A aliança PS-PSD-CDS não serviu apenas para travar propostas da esquerda, mas também para dar corpo a matérias em que houve uma conciliação de posições. Foi o que aconteceu com a proposta do Governo que aumentou as restrições ao consumo de tabaco, aprovada em Junho passado. Neste caso, o PSD votou ao lado do PS, mas não foi essencial para a viabilização da proposta, já que PCP, BE e PEV se abstiveram.

Na matemática parlamentar, o voto favorável do PSD também contribuiu para que fosse aprovada a proposta que permite o acesso aos metadados (registos de comunicações) por parte dos serviços secretos. O texto final construiu-se a partir de uma proposta do Governo e de um projecto do CDS, mas socialistas e democratas-cristãos não chegam para fazer maioria no Parlamento. Precisariam pelo menos da abstenção do PSD, caso BE, PCP e PEV votassem contra, tal como aconteceu. Durante a fase da especialidade, algumas alterações avançadas pelo PSD foram aceites e o diploma foi aprovado com o voto dos três partidos – PSD, PS e CDS.

Também na área da segurança, a aliança Bloco Central e CDS repetiu-se para viabilizar a proposta de lei do Governo sobre as prioridades de política criminal para 2017-2019.

No passado mês de Julho, a abstenção do PSD foi crucial para a aprovação da alteração do regime que estabelece as condições e procedimentos de entrada, permanência e saída de cidadãos estrangeiros do território português. A proposta do Governo transpõe directivas relativas à imigração e à protecção de direitos nacionais de Estados terceiros.  

Em matéria de política externa, PS, PSD e CDS mantiveram o tradicional entendimento. Chumbaram, por exemplo, projectos do PCP e BE que rejeitavam os Acordos de Livre Comércio e Serviços (CETA) entre a União Europeia e Canadá. A crise na Venezuela, que se agudizou nos últimos meses, também tem permitido juntar na apreciação dos votos de rejeição da violência e apelo ao diálogo democrático as bancadas do PS, do PSD e do CDS.

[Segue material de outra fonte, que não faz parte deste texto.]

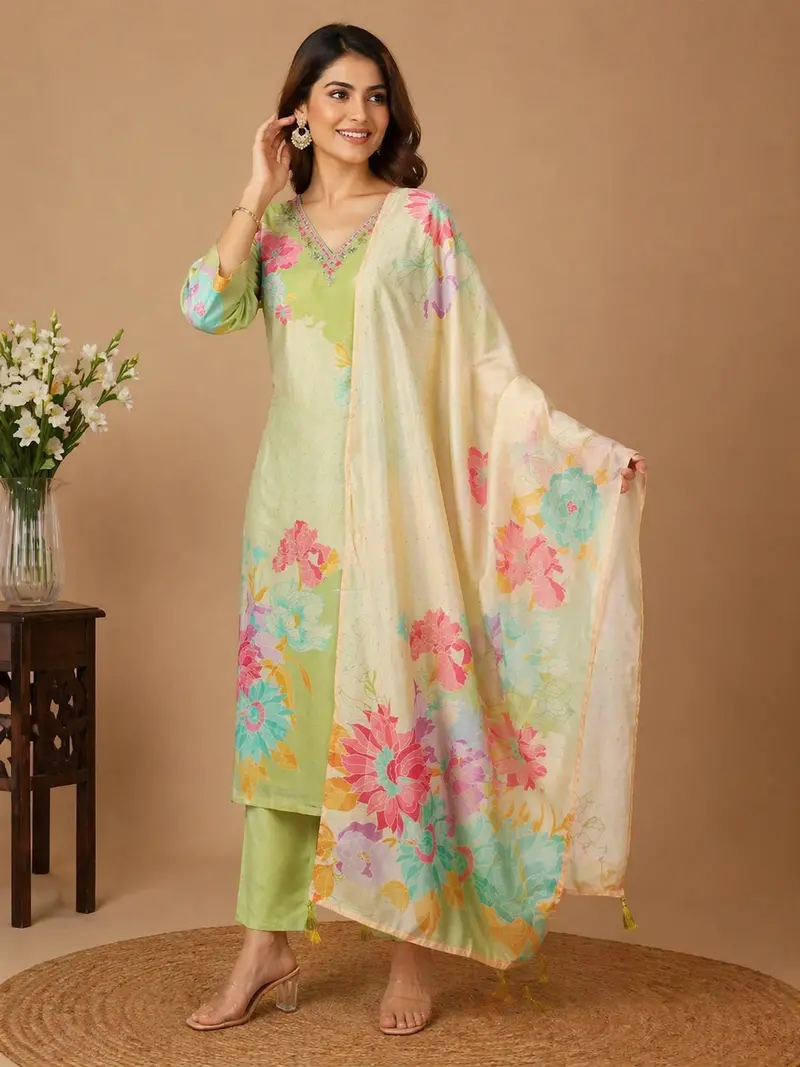 Pastel Green Floral Printed Cotton Salwar Suit 1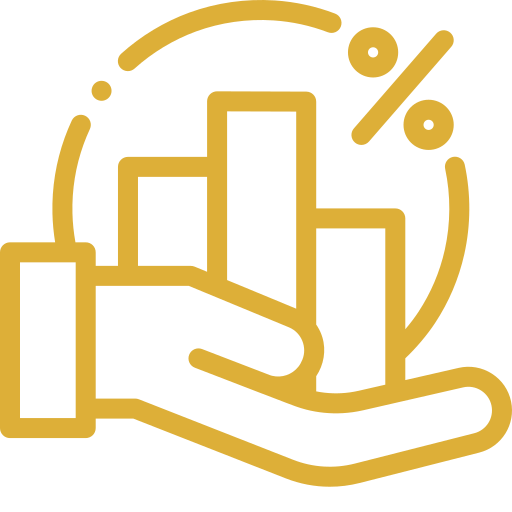 Hand holding a bar chart with a percentage symbol and circular arrow surrounding it.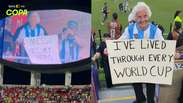F&atilde; de Messi de 99 anos acompanha todos os jogos da Argentina e ganha presente do jogador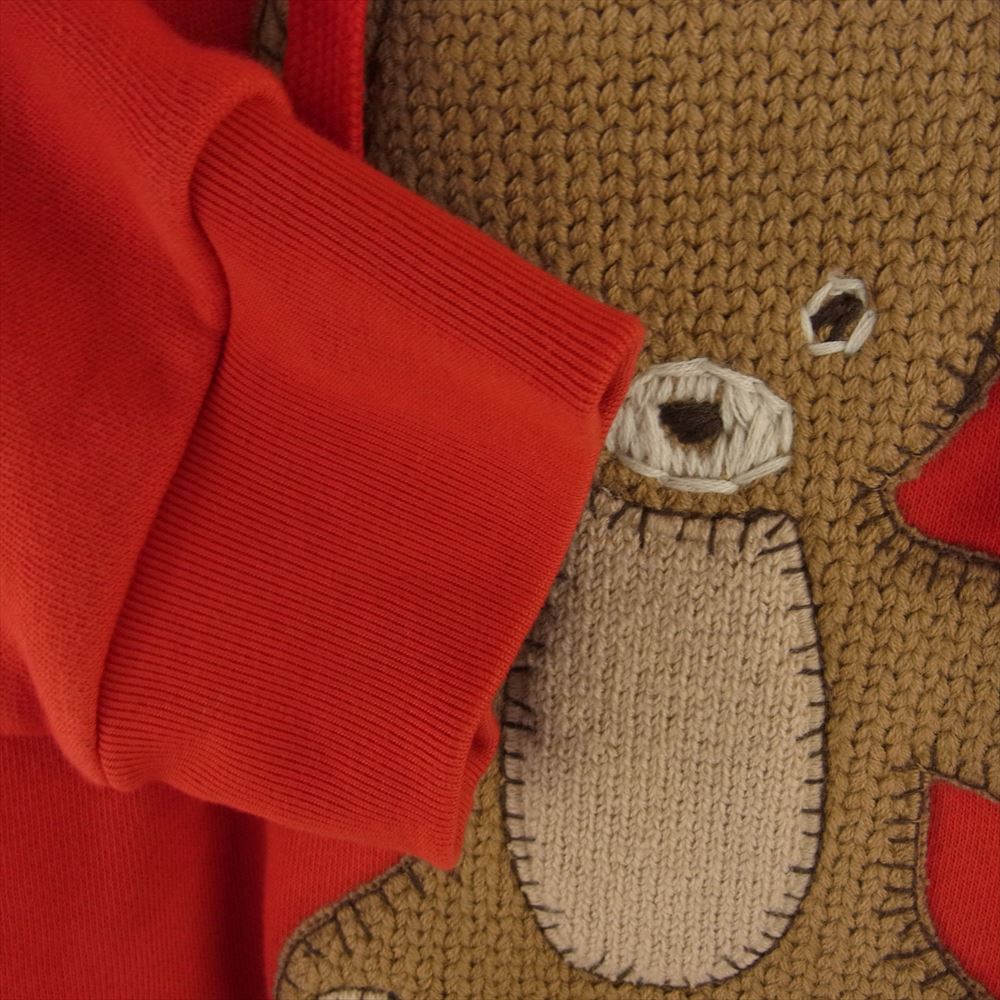 GUCCI グッチ 23SS 717427 XJFNK TEDDYBEAR&GUCCI フーディー スウェット シャツ レッド系 L【美品】【中古】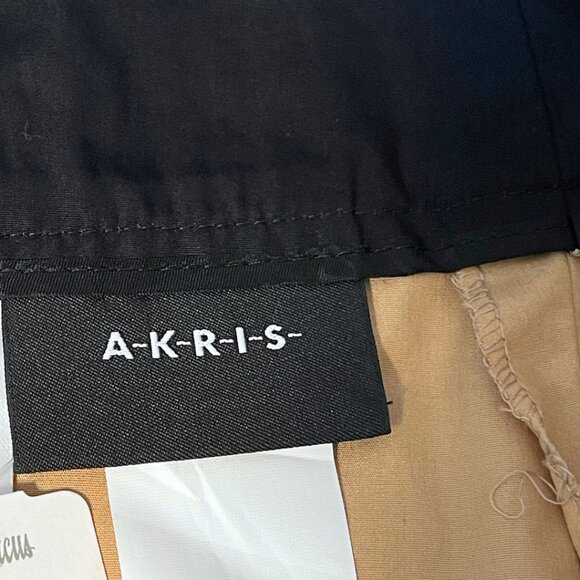 Akris Wide Leg Cotton Trouser Pants Womens 12 Tan Zip Pockets Luxury Minimalist - Picture 5 of 11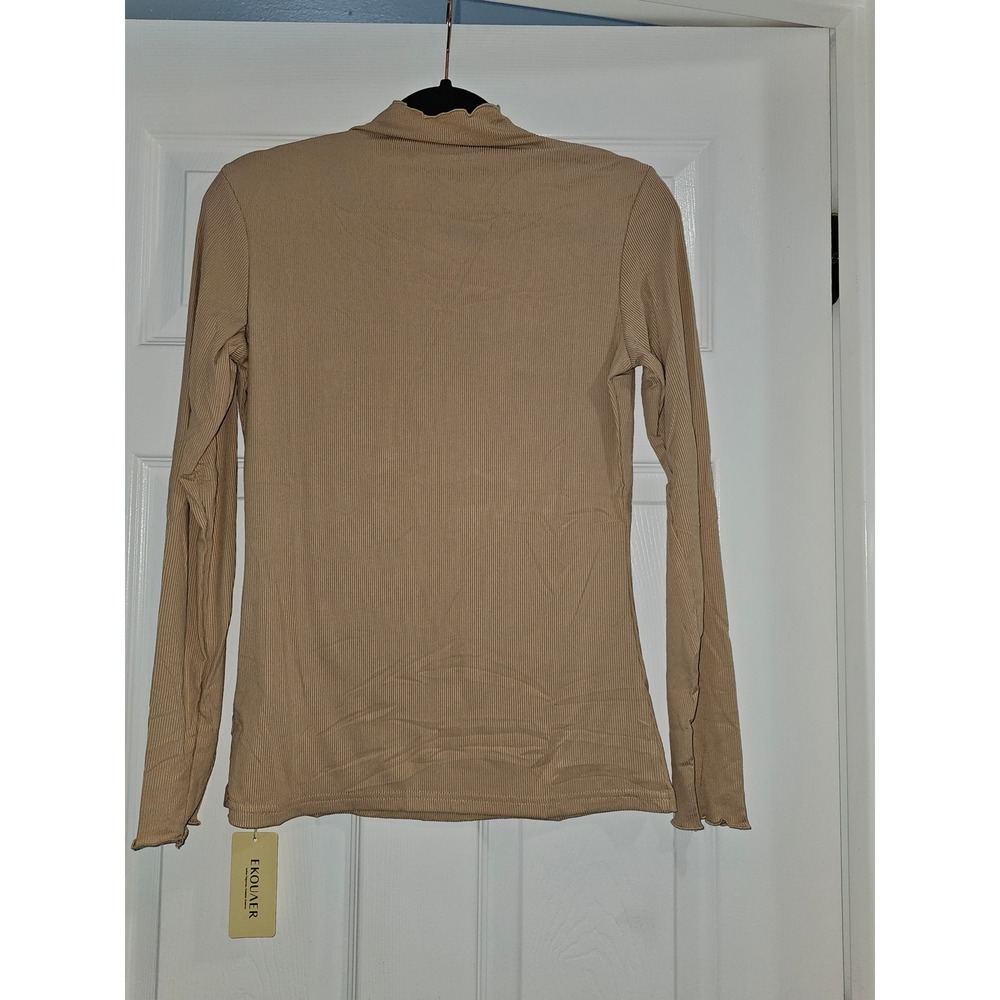 Ekouaer Mock Neck Ribbed Long Sleeve Top Tan Lettuce Edge Trim Small NEW set 2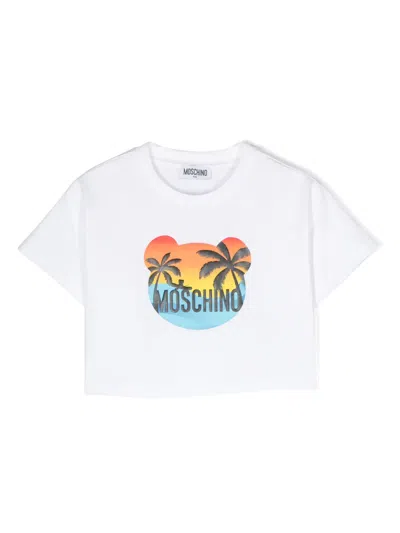 Moschino Kids' Logo-print T-shirt In White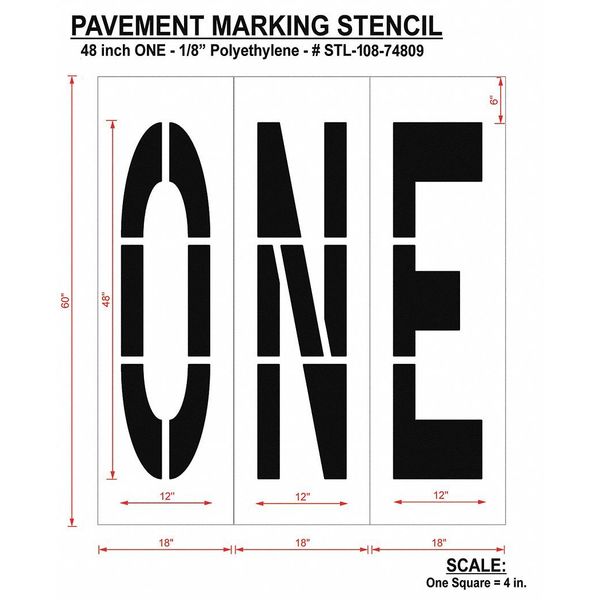 Pavement Stencil, One, STL-108-74809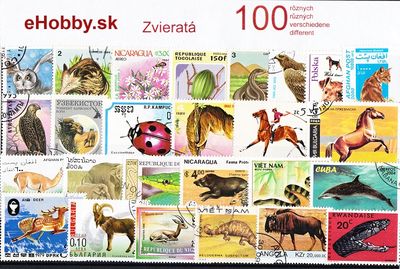 Balíček poštových známok 100ks - ZVIERATÁ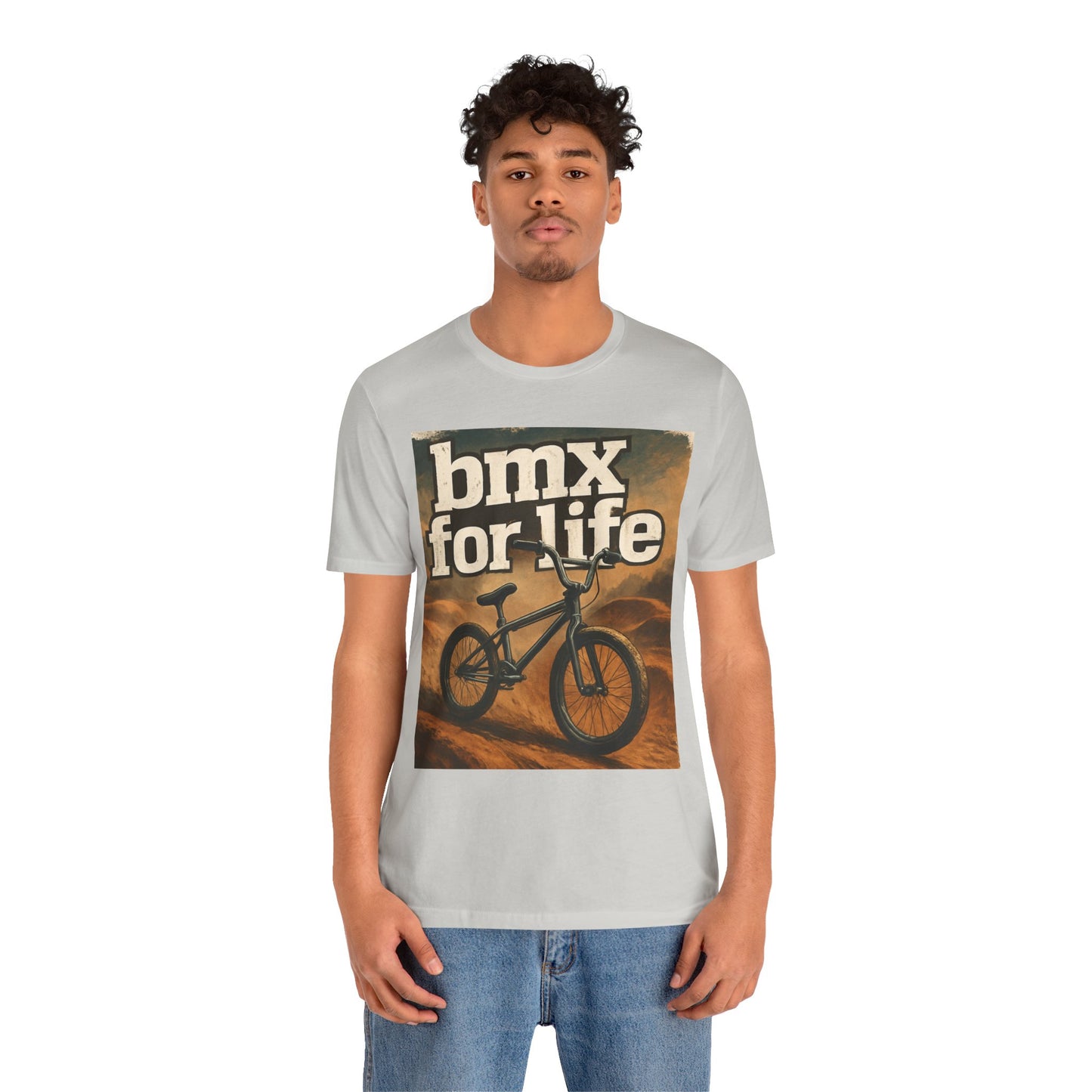 "BMX for Life" Unisex Jersey Tee - Casual Cycling T-Shirt, Gift for BMX Lovers, Outdoor Adventure Tee, Sports Fan Apparel, Summer Style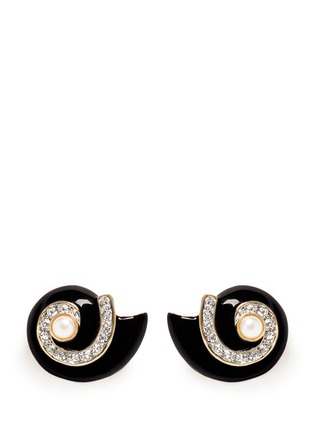 Main View - Click To Enlarge - KENNETH JAY LANE - Crystal pavé enamel seashell clip earrings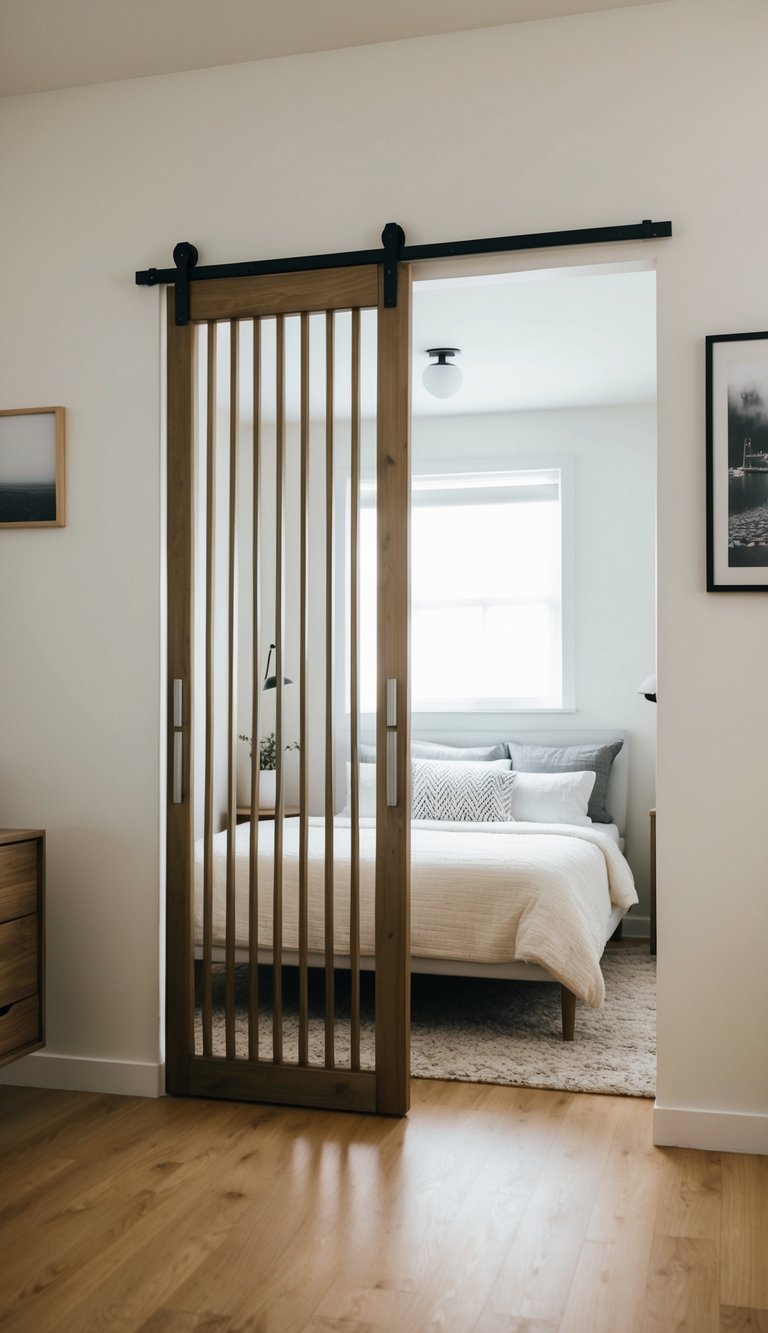 A sliding door separates a cozy bedroom with minimal furniture, maximizing space in a small room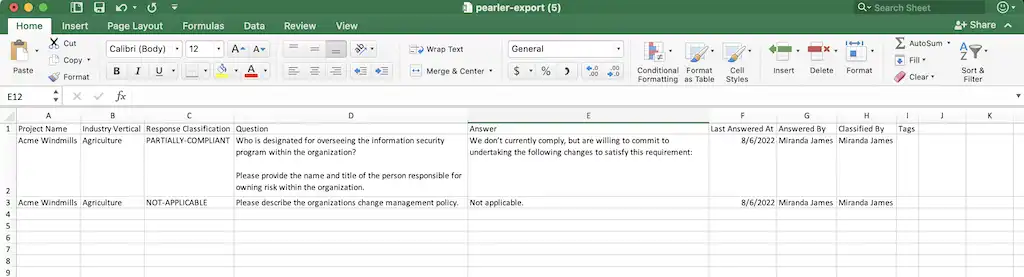 Export the insights data into Excel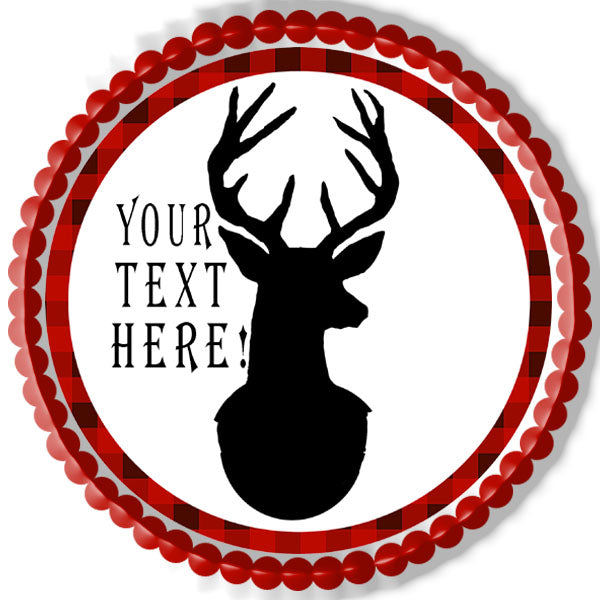 Deer Black Cut Silhouette - Edible Cake Topper OR Cupcake Topper, Decor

Na primeira metade da legislatura, foi ainda marcante o caso inverso, isto é, situações em que o PSD não deu apoio a uma medida do Governo em que era pública a oposição de BE e PCP. Foi a proposta de redução da Taxa Social Única como forma de compensar o aumento do salário mínimo. Não tinha o apoio da esquerda e o PSD roeu a corda. A medida teve de ser substituída por uma redução do Pagamento Especial por Conta. “Uma solução que, tudo visto, até é francamente melhor”, concluiu o primeiro-ministro ao Expresso do passado sábado.